*WHAT IS NEEDED:* Among the entries below, find the lines that contain the string "Mesh". State only how many there are.

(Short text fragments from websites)
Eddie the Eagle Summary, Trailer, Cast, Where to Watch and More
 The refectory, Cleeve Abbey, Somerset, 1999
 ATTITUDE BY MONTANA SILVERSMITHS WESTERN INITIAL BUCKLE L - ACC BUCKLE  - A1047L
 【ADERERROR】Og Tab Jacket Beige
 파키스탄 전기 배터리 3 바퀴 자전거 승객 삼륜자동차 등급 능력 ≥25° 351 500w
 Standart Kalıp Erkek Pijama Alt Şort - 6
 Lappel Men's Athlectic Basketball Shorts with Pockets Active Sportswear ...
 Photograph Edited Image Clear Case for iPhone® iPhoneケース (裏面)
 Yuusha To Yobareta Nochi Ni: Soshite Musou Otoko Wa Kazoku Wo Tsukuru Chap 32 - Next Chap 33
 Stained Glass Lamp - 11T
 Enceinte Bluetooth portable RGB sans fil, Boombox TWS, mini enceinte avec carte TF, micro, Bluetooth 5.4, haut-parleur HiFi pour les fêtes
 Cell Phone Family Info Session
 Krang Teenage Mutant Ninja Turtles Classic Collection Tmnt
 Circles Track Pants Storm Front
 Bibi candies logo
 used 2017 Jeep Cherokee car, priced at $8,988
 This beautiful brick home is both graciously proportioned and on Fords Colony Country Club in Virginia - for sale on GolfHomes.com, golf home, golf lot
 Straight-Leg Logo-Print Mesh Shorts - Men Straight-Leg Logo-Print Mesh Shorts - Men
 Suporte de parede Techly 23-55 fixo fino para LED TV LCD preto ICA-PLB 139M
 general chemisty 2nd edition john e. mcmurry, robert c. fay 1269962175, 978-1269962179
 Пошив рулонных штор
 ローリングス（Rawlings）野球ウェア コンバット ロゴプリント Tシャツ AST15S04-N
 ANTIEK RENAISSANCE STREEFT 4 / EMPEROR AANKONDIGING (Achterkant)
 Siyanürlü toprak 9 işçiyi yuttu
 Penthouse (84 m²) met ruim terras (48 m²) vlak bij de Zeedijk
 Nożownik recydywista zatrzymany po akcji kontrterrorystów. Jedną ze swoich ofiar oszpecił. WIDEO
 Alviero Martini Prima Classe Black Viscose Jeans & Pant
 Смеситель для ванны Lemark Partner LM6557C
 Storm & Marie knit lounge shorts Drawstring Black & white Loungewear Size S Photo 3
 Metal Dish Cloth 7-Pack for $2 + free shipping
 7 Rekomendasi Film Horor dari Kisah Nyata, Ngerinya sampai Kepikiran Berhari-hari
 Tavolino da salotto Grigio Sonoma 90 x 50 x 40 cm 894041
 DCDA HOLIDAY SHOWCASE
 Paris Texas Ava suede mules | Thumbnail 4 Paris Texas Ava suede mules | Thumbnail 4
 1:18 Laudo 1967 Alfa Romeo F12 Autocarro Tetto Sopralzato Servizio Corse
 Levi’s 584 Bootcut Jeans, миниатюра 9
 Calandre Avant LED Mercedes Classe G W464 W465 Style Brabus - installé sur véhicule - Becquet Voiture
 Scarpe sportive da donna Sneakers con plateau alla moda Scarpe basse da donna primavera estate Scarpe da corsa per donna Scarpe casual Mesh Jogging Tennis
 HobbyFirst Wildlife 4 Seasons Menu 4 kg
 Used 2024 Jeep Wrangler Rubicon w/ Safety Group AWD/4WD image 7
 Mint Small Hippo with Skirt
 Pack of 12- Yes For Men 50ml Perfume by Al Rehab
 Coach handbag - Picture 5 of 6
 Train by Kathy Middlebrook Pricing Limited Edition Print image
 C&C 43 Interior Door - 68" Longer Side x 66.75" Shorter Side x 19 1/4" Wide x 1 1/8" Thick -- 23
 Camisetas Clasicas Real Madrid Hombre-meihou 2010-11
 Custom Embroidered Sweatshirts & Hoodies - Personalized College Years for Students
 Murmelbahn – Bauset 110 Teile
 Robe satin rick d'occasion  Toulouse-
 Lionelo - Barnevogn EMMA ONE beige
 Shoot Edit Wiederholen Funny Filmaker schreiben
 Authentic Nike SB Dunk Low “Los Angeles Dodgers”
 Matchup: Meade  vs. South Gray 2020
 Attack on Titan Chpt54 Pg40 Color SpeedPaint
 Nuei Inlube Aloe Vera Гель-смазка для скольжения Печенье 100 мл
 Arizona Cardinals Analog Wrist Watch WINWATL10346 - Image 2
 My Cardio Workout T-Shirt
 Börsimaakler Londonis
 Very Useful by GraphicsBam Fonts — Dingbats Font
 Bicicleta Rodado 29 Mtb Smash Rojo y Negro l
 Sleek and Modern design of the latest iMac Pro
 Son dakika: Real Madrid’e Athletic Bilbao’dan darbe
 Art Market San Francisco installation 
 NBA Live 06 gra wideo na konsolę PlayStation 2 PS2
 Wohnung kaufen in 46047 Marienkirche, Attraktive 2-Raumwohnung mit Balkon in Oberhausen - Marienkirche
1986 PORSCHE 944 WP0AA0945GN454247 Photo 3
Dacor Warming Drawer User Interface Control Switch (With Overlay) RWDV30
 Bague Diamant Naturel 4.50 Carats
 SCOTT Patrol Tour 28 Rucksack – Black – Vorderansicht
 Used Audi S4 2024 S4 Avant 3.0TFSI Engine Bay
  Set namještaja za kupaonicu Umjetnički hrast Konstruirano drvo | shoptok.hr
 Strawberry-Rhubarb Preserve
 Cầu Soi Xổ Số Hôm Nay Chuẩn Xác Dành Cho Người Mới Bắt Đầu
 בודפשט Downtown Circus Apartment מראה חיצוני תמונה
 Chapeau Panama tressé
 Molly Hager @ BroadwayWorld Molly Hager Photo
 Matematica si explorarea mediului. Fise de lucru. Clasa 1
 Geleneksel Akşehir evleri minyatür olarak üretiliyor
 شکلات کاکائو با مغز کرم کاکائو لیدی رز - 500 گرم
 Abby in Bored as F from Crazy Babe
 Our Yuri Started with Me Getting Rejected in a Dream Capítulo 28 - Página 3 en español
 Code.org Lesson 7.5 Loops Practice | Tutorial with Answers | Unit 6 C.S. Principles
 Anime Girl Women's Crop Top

*SOLVED PROBLEM:* 2